Le innovazioni in materia di procedibilità a querela possono operare retroattivamente, ma tale retroattività incontra un limite nella presentazione di un ricorso inammissibile.

Supporto alla lettura

LESIONI STRADALI PERSONALI

Disciplinato dall’art. 590 bis c.p., si fa riferimento alla fattispecie delittuosa colposa introdotta dalla L. 41/2016 nell’ambito dei delitti contro la persona di cui al titolo XII, libro II, del codice penale. Tale provvedimento ha scorporato dal genus delle lesioni personali colpose, ex art. 590 c.p., le nuove lesioni stradali gravi e gravissime, sono contemplate come autonoma figura di reato e non più come circostanza aggravante, mentre le lesioni lievi e lievissime sono ancora regolate dalla normativa previgente, al pari delle lesioni colpose ordinarie.
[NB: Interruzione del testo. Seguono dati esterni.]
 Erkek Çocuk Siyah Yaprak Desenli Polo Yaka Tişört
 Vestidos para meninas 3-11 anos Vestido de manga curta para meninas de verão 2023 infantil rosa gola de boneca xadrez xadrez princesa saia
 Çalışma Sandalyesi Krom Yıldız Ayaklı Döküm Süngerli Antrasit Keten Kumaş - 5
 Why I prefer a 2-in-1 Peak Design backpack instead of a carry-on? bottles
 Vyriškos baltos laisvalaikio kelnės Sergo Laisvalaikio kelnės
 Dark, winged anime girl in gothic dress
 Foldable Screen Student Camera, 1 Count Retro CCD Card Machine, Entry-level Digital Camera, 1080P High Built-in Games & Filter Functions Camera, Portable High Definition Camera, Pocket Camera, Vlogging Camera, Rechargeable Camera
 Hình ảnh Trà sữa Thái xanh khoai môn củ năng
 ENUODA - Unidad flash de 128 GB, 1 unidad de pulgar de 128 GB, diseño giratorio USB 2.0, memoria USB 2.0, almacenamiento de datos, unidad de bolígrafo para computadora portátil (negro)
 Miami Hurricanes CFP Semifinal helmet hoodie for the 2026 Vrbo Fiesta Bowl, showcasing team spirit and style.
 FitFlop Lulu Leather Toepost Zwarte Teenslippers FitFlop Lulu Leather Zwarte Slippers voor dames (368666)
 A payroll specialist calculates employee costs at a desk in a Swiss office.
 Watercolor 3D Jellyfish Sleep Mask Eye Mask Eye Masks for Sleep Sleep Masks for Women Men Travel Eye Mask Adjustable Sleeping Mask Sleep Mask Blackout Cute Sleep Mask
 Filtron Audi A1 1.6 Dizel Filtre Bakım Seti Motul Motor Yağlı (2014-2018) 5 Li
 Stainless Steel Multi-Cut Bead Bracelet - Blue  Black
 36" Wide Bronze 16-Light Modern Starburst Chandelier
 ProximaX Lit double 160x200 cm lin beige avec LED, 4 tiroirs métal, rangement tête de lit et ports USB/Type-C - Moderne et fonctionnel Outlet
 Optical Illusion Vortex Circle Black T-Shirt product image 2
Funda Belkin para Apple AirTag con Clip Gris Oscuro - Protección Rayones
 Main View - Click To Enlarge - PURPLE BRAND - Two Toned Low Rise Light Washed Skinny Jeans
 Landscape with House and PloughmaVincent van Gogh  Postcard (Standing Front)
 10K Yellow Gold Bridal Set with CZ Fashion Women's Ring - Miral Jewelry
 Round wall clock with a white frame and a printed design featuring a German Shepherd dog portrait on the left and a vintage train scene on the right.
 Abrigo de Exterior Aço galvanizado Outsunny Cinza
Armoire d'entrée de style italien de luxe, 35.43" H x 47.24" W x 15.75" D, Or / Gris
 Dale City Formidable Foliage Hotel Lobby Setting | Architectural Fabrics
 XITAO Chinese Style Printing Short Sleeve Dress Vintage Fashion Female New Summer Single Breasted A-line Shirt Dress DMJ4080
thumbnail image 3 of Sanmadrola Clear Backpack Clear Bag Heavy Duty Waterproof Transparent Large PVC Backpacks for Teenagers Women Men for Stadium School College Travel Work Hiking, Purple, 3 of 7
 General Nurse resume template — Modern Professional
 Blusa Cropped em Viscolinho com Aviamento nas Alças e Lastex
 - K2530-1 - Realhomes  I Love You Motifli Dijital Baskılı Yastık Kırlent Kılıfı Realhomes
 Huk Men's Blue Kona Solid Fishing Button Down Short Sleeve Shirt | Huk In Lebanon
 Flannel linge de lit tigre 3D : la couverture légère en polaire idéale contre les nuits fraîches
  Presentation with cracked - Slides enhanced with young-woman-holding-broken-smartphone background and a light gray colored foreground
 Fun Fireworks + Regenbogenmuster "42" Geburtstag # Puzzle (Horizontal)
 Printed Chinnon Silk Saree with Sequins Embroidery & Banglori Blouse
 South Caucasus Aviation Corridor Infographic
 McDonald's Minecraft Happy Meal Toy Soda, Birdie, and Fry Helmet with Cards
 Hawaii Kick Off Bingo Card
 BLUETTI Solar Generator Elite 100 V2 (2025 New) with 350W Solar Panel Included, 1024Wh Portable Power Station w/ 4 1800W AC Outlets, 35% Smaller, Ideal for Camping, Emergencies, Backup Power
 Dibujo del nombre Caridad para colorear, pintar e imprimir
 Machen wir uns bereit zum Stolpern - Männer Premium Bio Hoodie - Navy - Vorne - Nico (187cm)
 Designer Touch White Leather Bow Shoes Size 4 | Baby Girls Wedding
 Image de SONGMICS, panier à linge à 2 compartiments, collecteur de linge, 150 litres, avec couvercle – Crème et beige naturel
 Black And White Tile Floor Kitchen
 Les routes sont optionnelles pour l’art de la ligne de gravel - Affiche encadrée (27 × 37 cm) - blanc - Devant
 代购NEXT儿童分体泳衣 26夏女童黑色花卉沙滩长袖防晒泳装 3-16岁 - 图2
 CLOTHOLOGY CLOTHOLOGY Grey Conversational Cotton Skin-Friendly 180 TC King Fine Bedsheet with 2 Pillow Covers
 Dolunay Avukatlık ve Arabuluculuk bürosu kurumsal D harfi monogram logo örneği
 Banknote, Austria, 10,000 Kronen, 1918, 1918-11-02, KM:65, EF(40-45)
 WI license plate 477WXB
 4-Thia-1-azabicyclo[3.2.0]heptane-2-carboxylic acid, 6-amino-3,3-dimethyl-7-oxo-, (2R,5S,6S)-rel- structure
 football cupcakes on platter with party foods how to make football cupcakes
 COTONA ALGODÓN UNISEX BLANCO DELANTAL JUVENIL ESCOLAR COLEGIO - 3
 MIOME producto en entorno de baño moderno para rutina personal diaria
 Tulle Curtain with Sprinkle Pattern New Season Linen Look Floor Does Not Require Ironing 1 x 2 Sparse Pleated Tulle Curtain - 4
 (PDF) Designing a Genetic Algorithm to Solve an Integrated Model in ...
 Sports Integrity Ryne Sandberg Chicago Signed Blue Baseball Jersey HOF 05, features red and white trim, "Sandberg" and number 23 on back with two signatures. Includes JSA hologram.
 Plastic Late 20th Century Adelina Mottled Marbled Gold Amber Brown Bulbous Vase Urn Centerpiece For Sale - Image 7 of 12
La caratteristica principale di tale fattispecie si definisce come una esterma rigidità sanzionatoria, il cui obiettivo è quello di reprimere condotte lesive dell’altrui incolumità a causa di comportamenti tenuti in violazione di una specifica disciplina, quale quella della circolazione stradale.

Ambito oggettivo di applicazione

RITENUTO IN FATTO

1. Con sentenza del 7 giugno 2022, la Corte di appello di Torino ha riformato la sentenza emessa dal Tribunale di Alessandria il 9 febbraio 2021 applicando all’imputato, (omissis), l’attenuante di cui all’art. 62 n. 6 cod. pen. e, conseguentemente, riducendo la pena. Nel resto la sentenza di primo grado è stata confermata. (omissis) è stato dunque ritenuto responsabile del reato di cui all’art. 590 bis cod. pen. per avere, alla guida dell’autovettura targata (omissis), cagionato lesioni gravi a (omissis).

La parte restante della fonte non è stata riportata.